# 10 lbs in a 5 lb bag



## rjmoses (Apr 4, 2010)

When I a kid putting up hay for family and neighbors, I was always the one who was stacking bales on the wagon or up in the hay loft. In the process, I somehow learned how to get the most stuff into the smallest space!

Yesterday, I rearranged my machine shed to accommodate that new TS110. I now have in a 50x60 shed:

TS 135 tractor w loader,
TS 110 tractor w loader
IH 966 tractor w loader
NH BR780 round baler,
NH 570 sq baler,
NH 7230 moco
4 basket tedder,
9' sickle mower
30' 3pt 200 gal sprayer
6' ripper
Various supplies like 240 gallon acid tote, oil, welding table, pallets, shelving, etc.
Good news--I don't think there's any room for mice or other varmints.

Ralph


----------



## Vol (Jul 5, 2009)

Ralph, could I get you to look at a few things for me?









Regards, Mike


----------



## NDVA HAYMAN (Nov 24, 2009)

And if you are coming to Tn., why not Va.? I just build more barns.


----------



## swmnhay (Jun 13, 2008)

_I told Karen I was gonna put the Jeep on top of the combine.That didn't go over so well._

_My new shed was supposed to be 12' longer but when i went to get building permit I found out I could not build within 20' of property line.Space was limited so I had to make it smaller.Own it but can't build on 20' of it even with OK of nieghbor.More Guberment rules,argggg.







_


----------



## rjmoses (Apr 4, 2010)

swmnhay said:


> _I told Karen I was gonna put the Jeep on top of the combine.That didn't go over so well._
> 
> _My new shed was supposed to be 12' longer but when i went to get building permit I found out I could not build within 20' of property line.Space was limited so I had to make it smaller.Own it but can't build on 20' of it even with OK of nieghbor.More Guberment rules,argggg.
> 
> ...


Better than the combine on top of the Jeep!

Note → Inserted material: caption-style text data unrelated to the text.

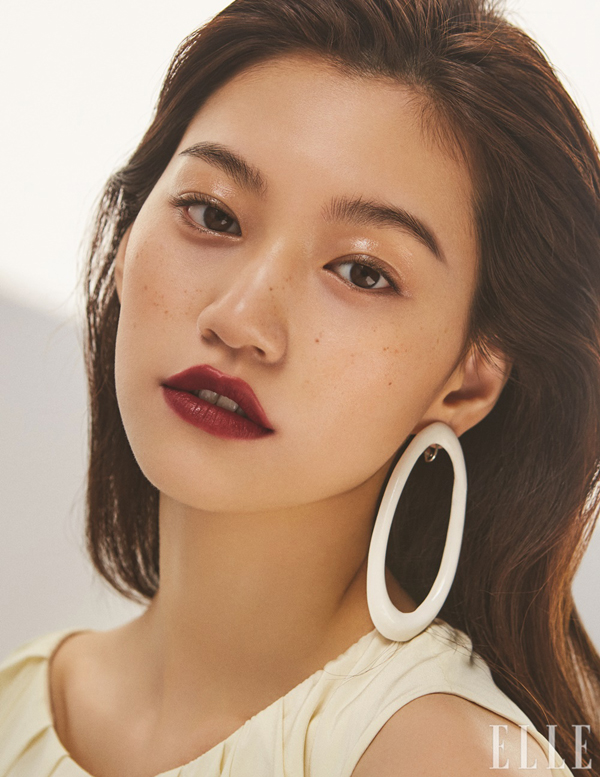 김도연 “뷰티팁? 콤플렉스 살짝 보완하는게 예쁜 얼굴” [화보]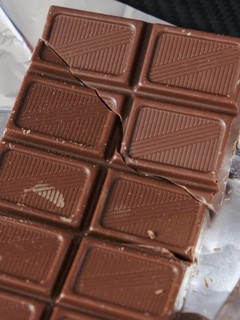 给家里爱甜食的人送一块巧克力吧！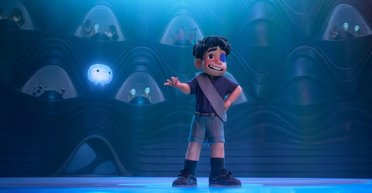 Самотній малюк рятує чужий всесвіт: рецензія на анімаційний фільм "Еліо"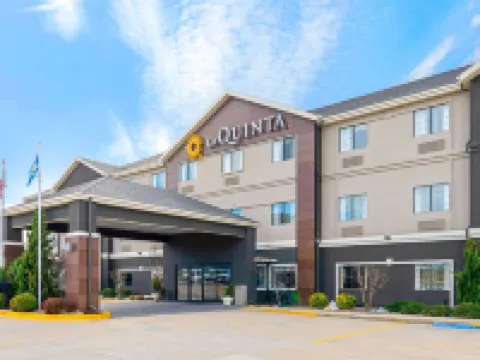 La Quinta Inn & Suites by Wyndham Ada Hotels in Ada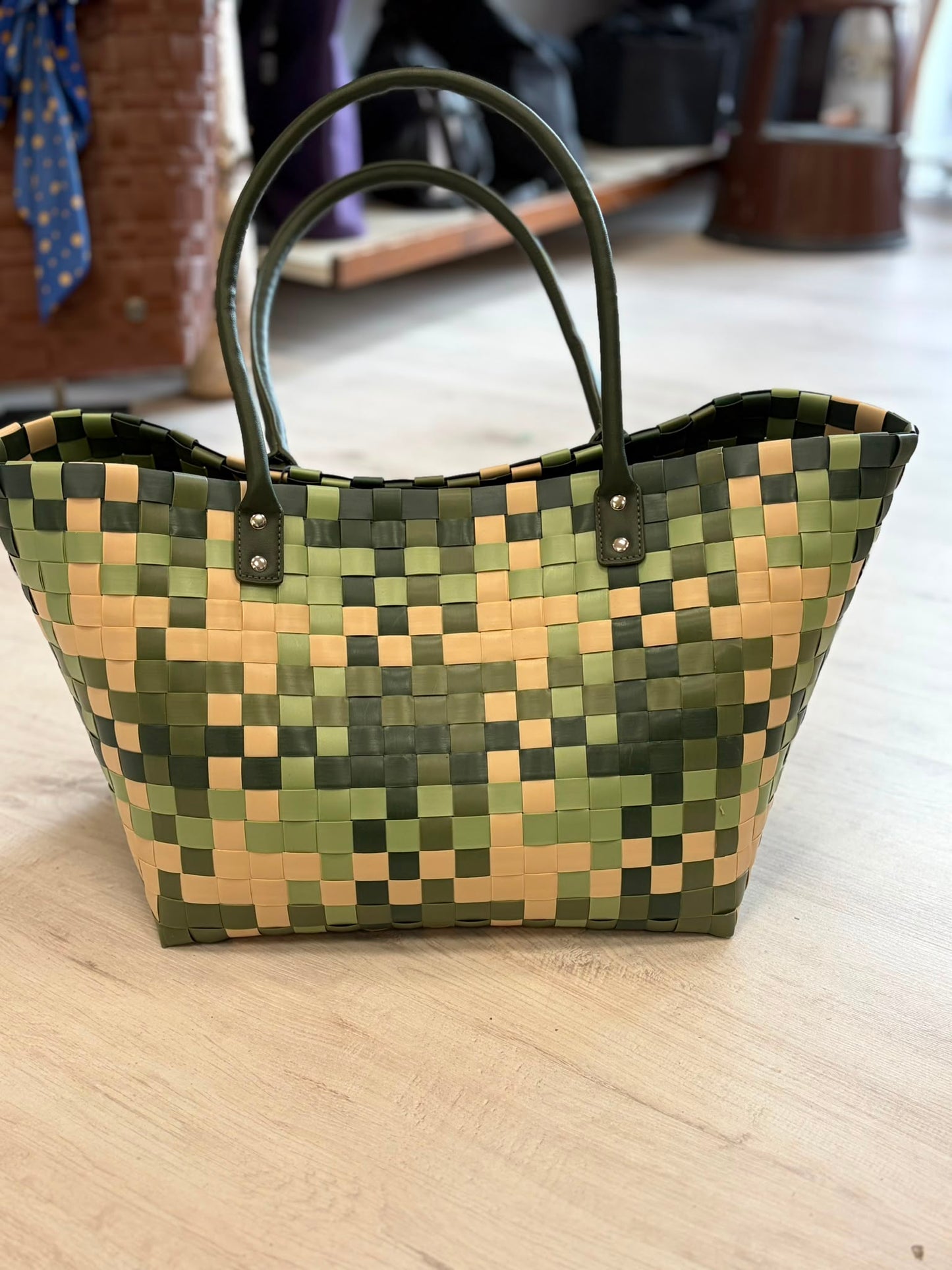 Handed By Mingle Shopper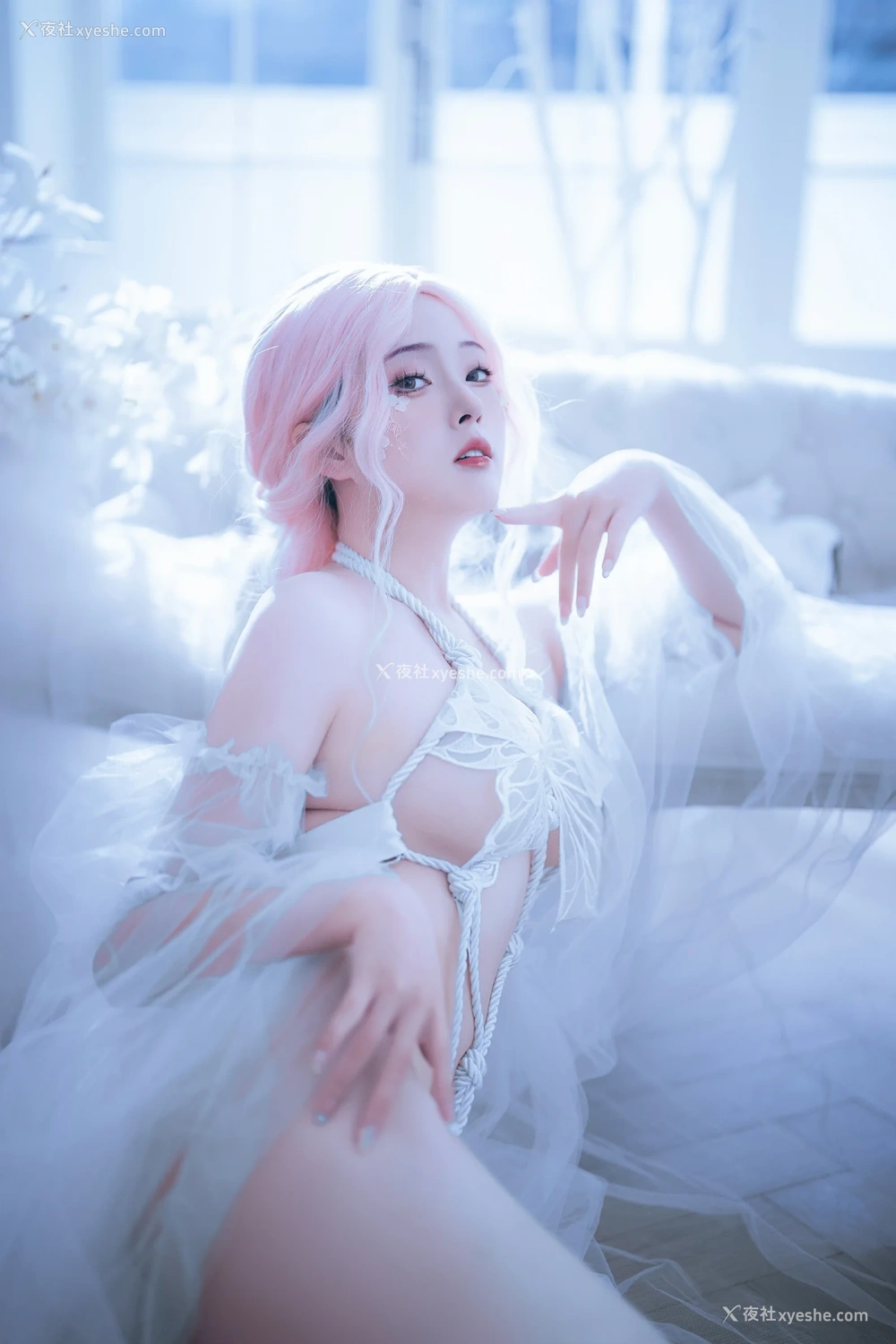 1P - Natsuko夏夏子 – 白天蛾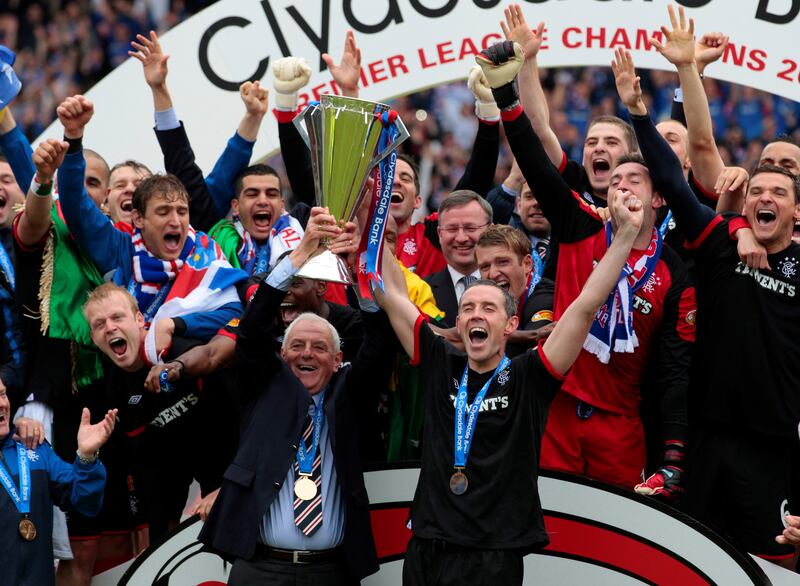 Rangers manager Walter Smith (and team captain David Weir hoist the 2020/11 Scottish Premier League trophy on May 15, 2011. Reuters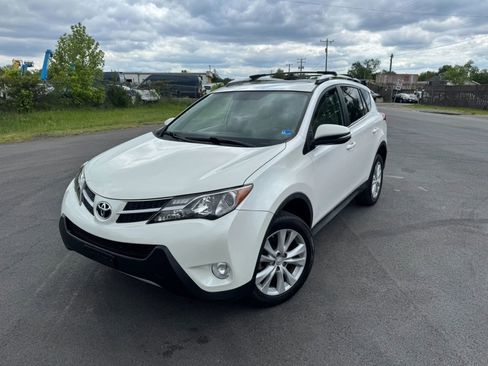 Used 2013 Toyota RAV4 Limited AWD/4WD image 4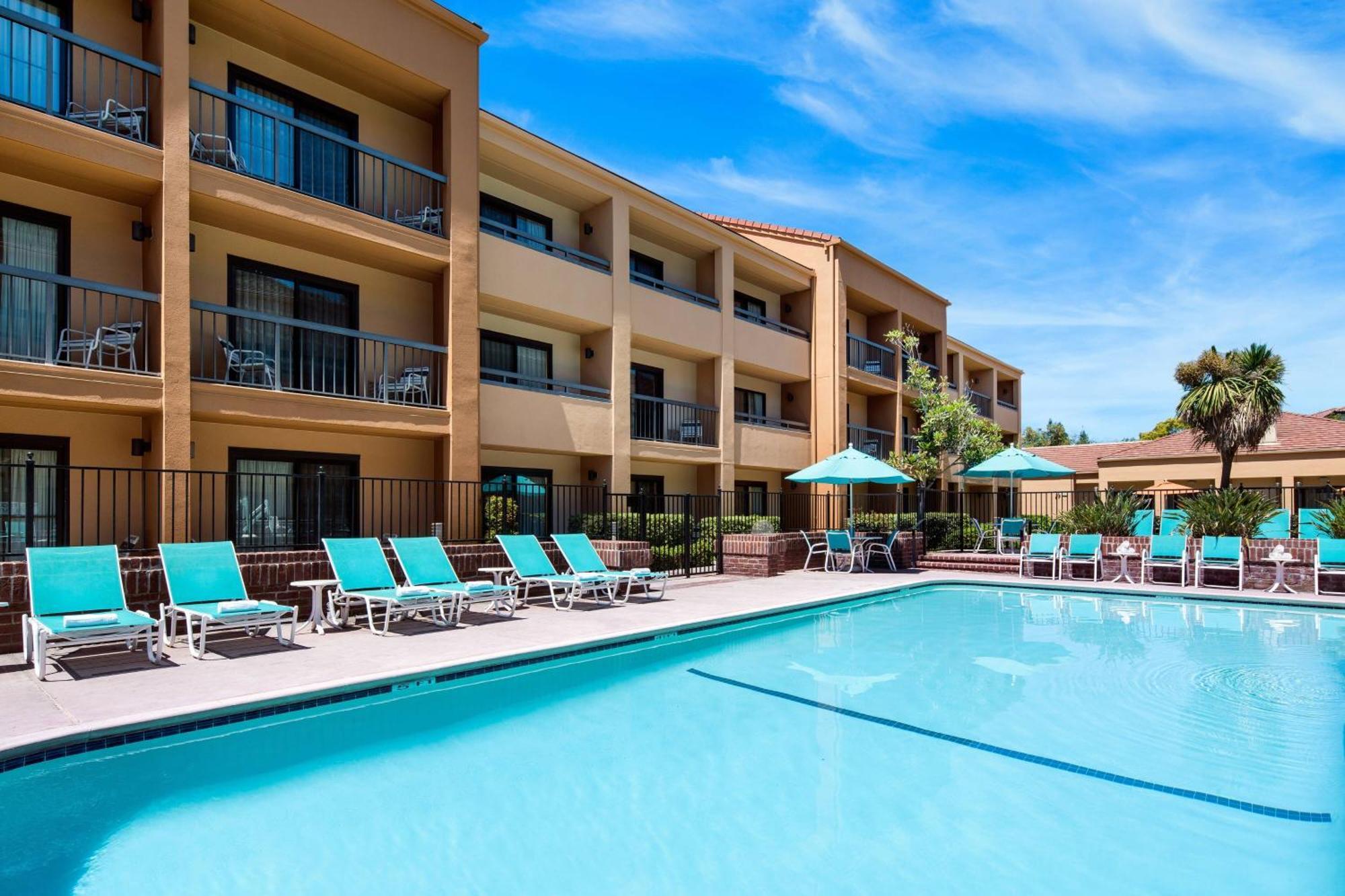Courtyard San Jose Cupertino Hotel Exterior photo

When I built my arena, I was not aware that I had to be at least 60' from the road centerline. One of my neighbors built a bunkhouse 40' from the centerline and the county came down on him. He complained that he was being singled out, that I was less than 60'. County checked, 61'. Was I relieved!

Ralph


----------



## swmnhay (Jun 13, 2008)

rjmoses said:


> Better than the combine on top of the Jeep! When I built my arena, I was not aware that I had to be at least 60' from the road centerline. One of my neighbors built a bunkhouse 40' from the centerline and the county came down on him. He complained that he was being singled out, that I was less than 60'. County checked, 61'. Was I relieved!
> 
> Ralph


I think it is 100' from center line here on county highway.It is 66' on township gravel road.

Yrs ago i worked for a farm store that built bins.We asked the farmer where to pour the pad and we put it in line with 3 other bins along the road.Got the cement poured and some county guy showed up and told him he couldn't build it there even tho there was 3 other bins already there.So we had to pour another pad away from road and build bin there.The pad is still there with a fuel tank sitting on it.I think that was 1977


----------



## rjmoses (Apr 4, 2010)

I'd be happy to teach anybody that's interested good packing techniques.

First task--fail geometry (twice)
Second task-- stack 10,000 square bales on a wagon, on hillsides, while moving while your uncle drives the tractor without looking back and is listening to the Cardinals game.
Third task--Stack the same 10,000 bales in a hayloft, 12-15 bales high, 90 degree weather.
Fourth task-Buy the beer.

I guarantee that you will become an expert in space utilization! Or double your beer money back.

Ralph


----------